___ Supplied material ___

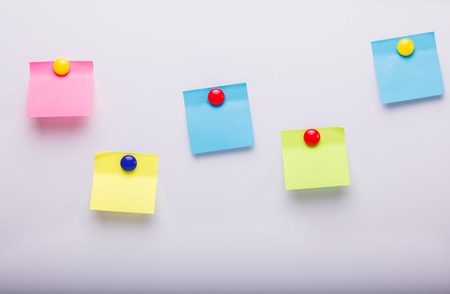 Closeup view of five empty colorful paper stikers pink yellow and blue colors hanging on white flat blank wall copyspace with no people, horizontal pictureの写真素材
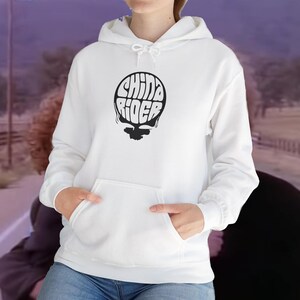 May include: White hooded sweatshirt with a black graphic of the words "China Rider" in a circular design.
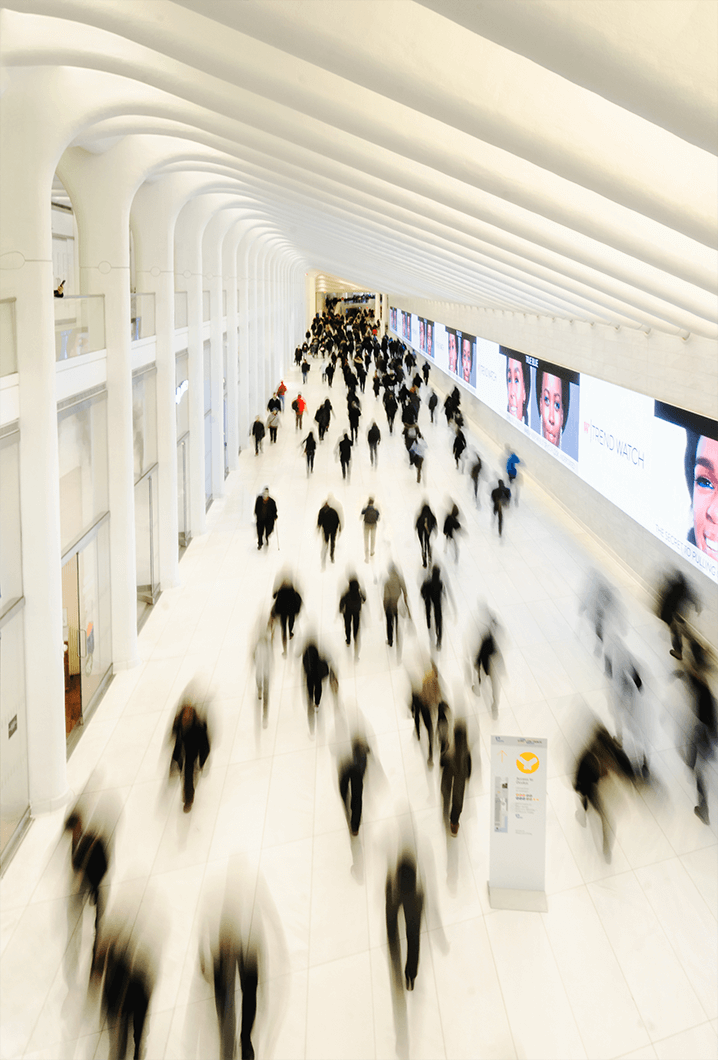 Blurred image of people walking through World Trade Center Station in New York City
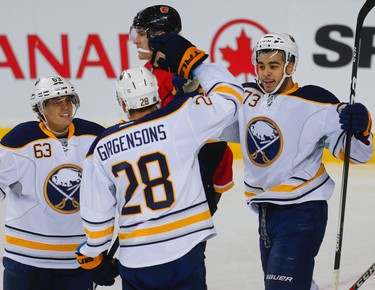 Buffalo Sabres # 28 Zemgus Girgensons celebrates with teammates Tyler Ennis and Nicholas Baptiste after scoring against Matthew Tkachuk and the Calgary Flames, during NHL hockey in Calgary, Alta., on Tuesday, October 18, 2016. AL CHAREST/POSTMEDIA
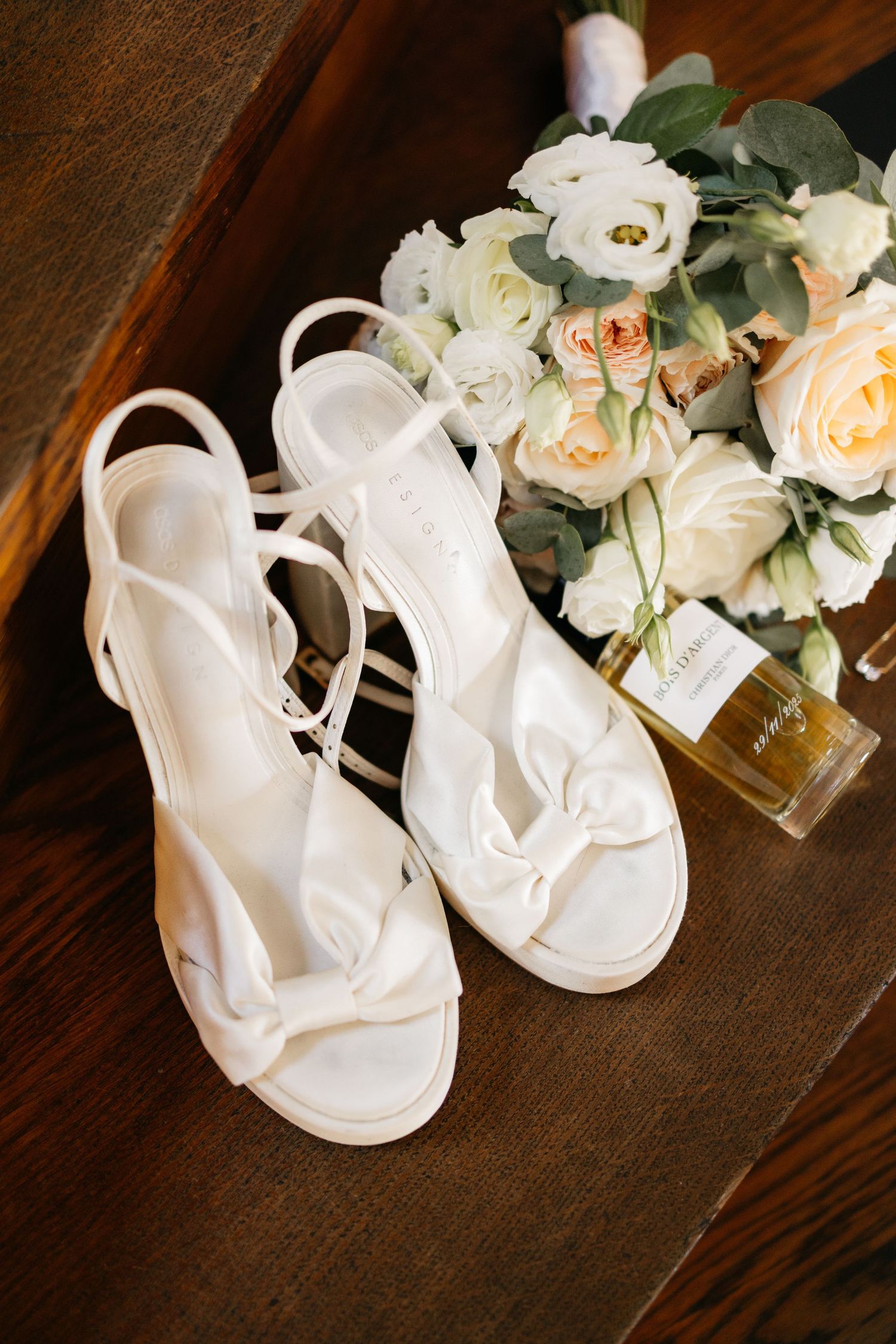 White strappy bow sandals beside a bridal bouquet of cream and blush roses and a perfume bottle on a dark wooden surface.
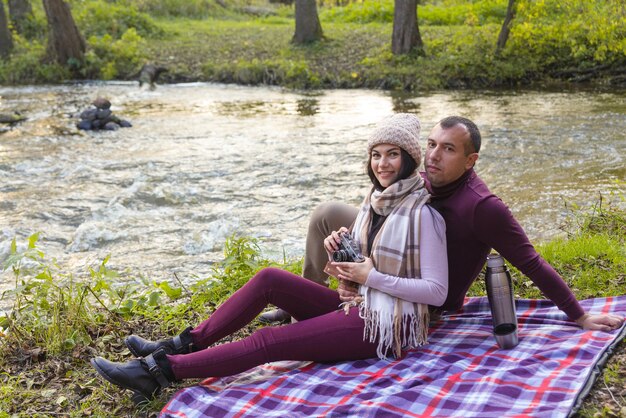 Una pareja feliz en un picnic junto al río.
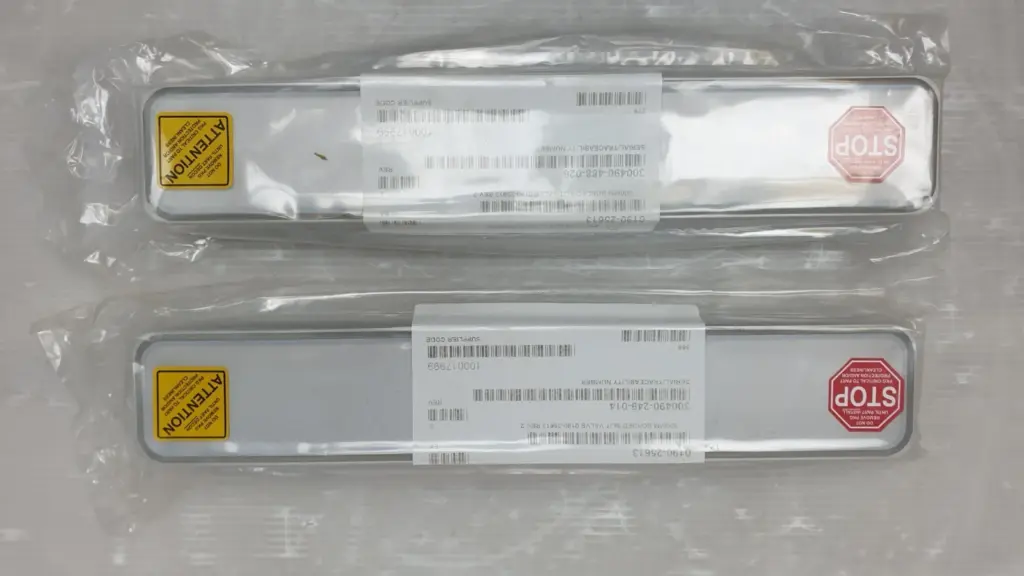 Two Applied Materials 0190-25613 300mm bonded slit valve parts in sealed bags with AMAT labels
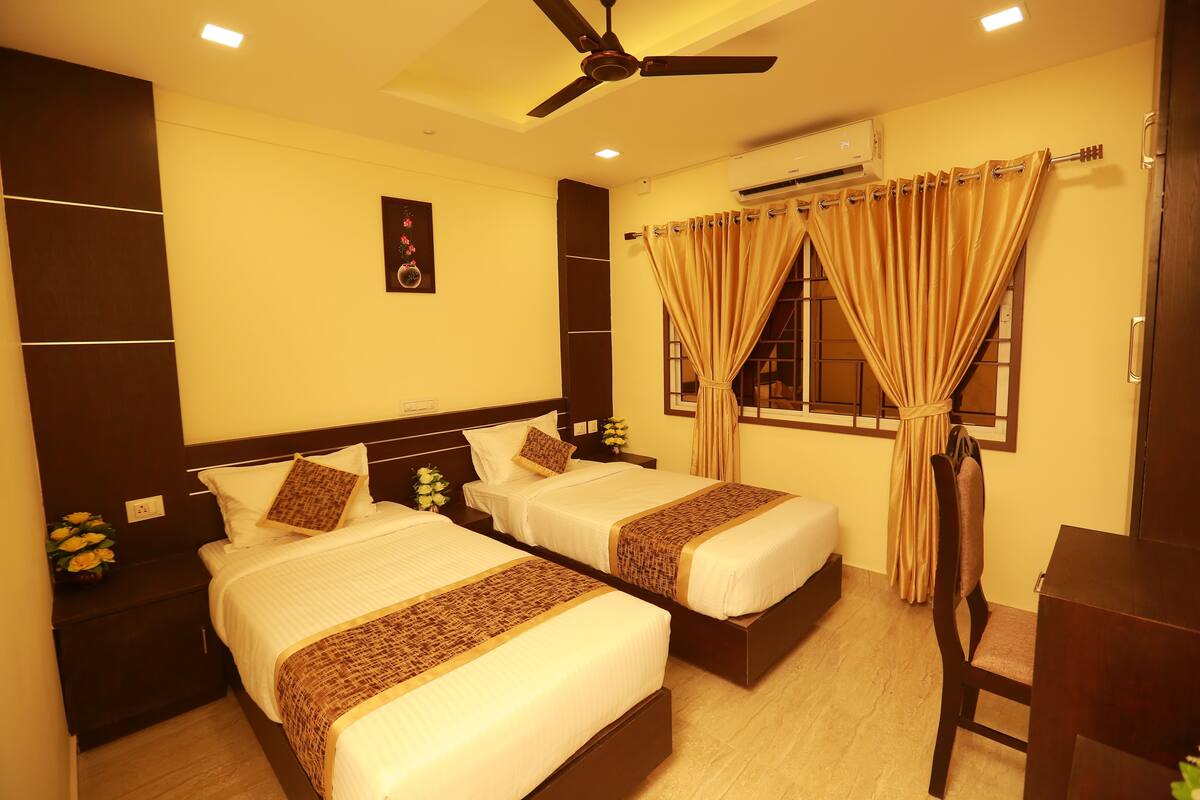 A hotel room with two beds, a ceiling fan, an air conditioning unit, and a window with curtains.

___

What is needed: Give the listing again, exactly as it appears, but without its images.

Completed exercise:
 Closeup view of five empty colorful paper stikers pink yellow and blue colors hanging on white flat blank wall copyspace with no people, horizontal pictureの写真素材
 May include: White hooded sweatshirt with a black graphic of the words "China Rider" in a circular design.
 Blurred image of people walking through World Trade Center Station in New York City
 Buffalo Sabres # 28 Zemgus Girgensons celebrates with teammates Tyler Ennis and Nicholas Baptiste after scoring against Matthew Tkachuk and the Calgary Flames, during NHL hockey in Calgary, Alta., on Tuesday, October 18, 2016. AL CHAREST/POSTMEDIA
 White strappy bow sandals beside a bridal bouquet of cream and blush roses and a perfume bottle on a dark wooden surface.
 Una pareja feliz en un picnic junto al río.
 Two Applied Materials 0190-25613 300mm bonded slit valve parts in sealed bags with AMAT labels
 A hotel room with two beds, a ceiling fan, an air conditioning unit, and a window with curtains.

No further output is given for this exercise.